The Message Relay might publish a message more than once. It might, for example, crash after publishing a message but before recording the fact that it has done so. When it restarts, it will then publish the message again. As a result, a message consumer must be idempotent, perhaps by tracking the IDs of the messages that it has already processed. Fortunately, since Message Consumers usually need to be idempotent (because a message broker can deliver messages more than once) this is typically not a problem.

What can we do in case when the message consumer doesn’t support idempotency? One idea is to detect duplicates somehow, and only handle given message once. However, how can we do that in case when we lack a synchronous commit in the data storage? I recently stumbled upon such a problem and this is the solution I used.

Problem statement

Let’s say that we have n clusters of our application. We can communicate between them, but all the changes we perform are not synchronously committed but only eventually consistent. All clusters are active, they can accept incoming transactions, they can modify the state. We have some database, we have some queue, we have some synchronization mechanisms between the clusters, but we can’t build any lock nor run transaction across all of the clusters. To sum up, these are our requirements:

We have n clusters. Each cluster runs a database, a queue, a message relay, and a message consumer
Database is replicated across clusters, but we lack a synchronous commit. We do have an eventual consistency
We now we have some bounded timeout for synchronization, but we don’t know what it is. We can safely assume it’s belowe some reasonable value like 10 minutes
Message consumer is not idempotent

If we implement transactional outbox the regular way, then we’ll end up with n messages published to the queue. Since our message consumer is not idempotent, it will modify the state n times. However, we can’t easily track duplicates, as we lack a synchronous commit in the database across all clusters, so we can’t easily check if the message was already processed.

Solution

We introduce the following environment variables:

CLUSTERS_COUNT – that indicates how many clusters are running
CLUSTER_ID – identifier of the cluster a given component is in
MAXIMUM_DELAY – some reasonable timeout for replication, like 10 minutes

Now, the trick is. We extend our outbox table with additional column indicating which cluster was the true source of the message. So we add additional integer column which we fill with the value of CLUSTER_ID variable. Next, we modify our message relay to extract messages in the following way:

SELECT *
FROM outbox
WHERE cluster_id = $CLUSTER_ID OR creation_time < NOW - $MAXIMUM_DELAY

SELECT *

FROM outbox

WHERE cluster_id = $CLUSTER_ID OR creation_time < NOW - $MAXIMUM_DELAY

This reads as: message relay gets all the messages coming from the same cluster, or all messages that are old enough. The former is the “happy path” – the message was created by the application code, shortly after the relay picks it up and puts to the queue, and also removes it from the outbox table (or marks as processed). The latter is the “unhappy path” – if the originating cluster crashed for whatever reason after putting the message to the outbox, then the message will be delayed by MAXIMUM_DELAY and then picked up by some other message relay from some other cluster. This shouldn’t happen often, but when it happens, then it’s an indicator of some “catastrophic outage”.
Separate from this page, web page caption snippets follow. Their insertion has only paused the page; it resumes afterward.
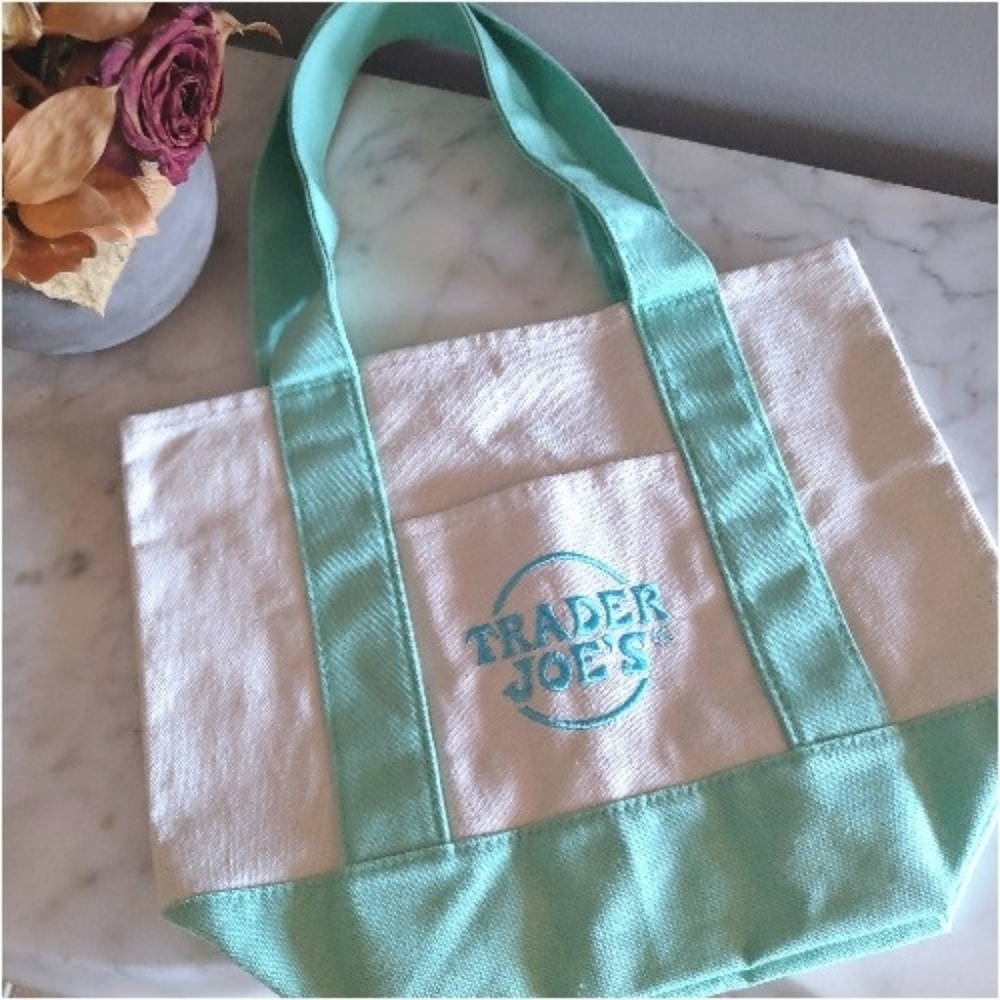 Trader Joe's Mini Canvas Pastel Tote Bag | Mint Green - Picture 2 of 4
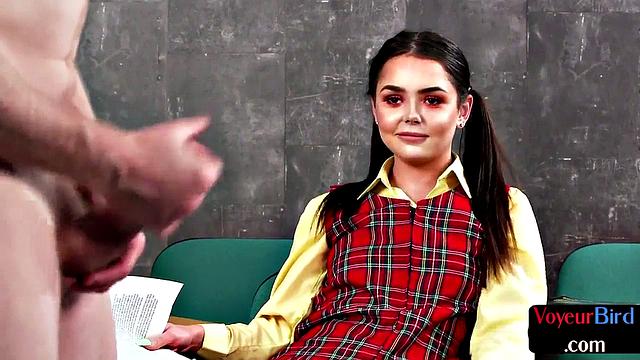 College 21yo lady teases nympho teacher after class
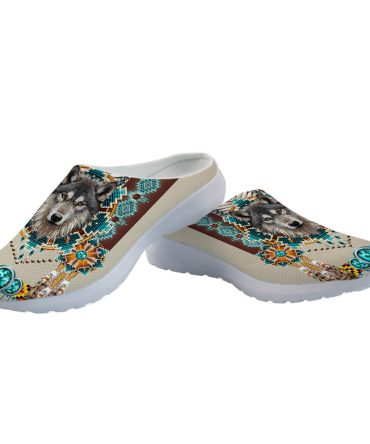 Blue Mandala Wolf Mesh Slippers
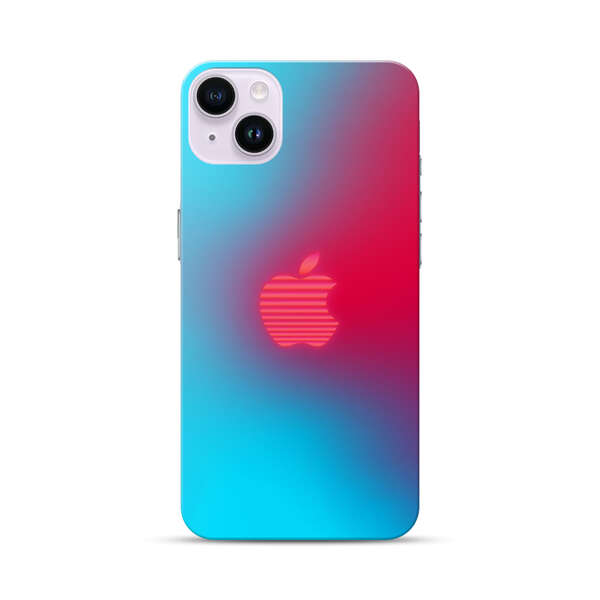 Neon Striped Apple Logo Gradient Background iPhone 14 Plus Hard Case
However, in the “happy path” we won’t get any duplicate posted to the queue. Obviously, we may still face the regular crashes or connection rests, as in the transactional outbox, but they are not because of the lack of synchronous commit.

You may also notice that when the catastrophic outage happens, then the message will be duplicated n-1 times. We may come up with some more sophisticated query to extract messages, to effectively introduce ordering between the clusters.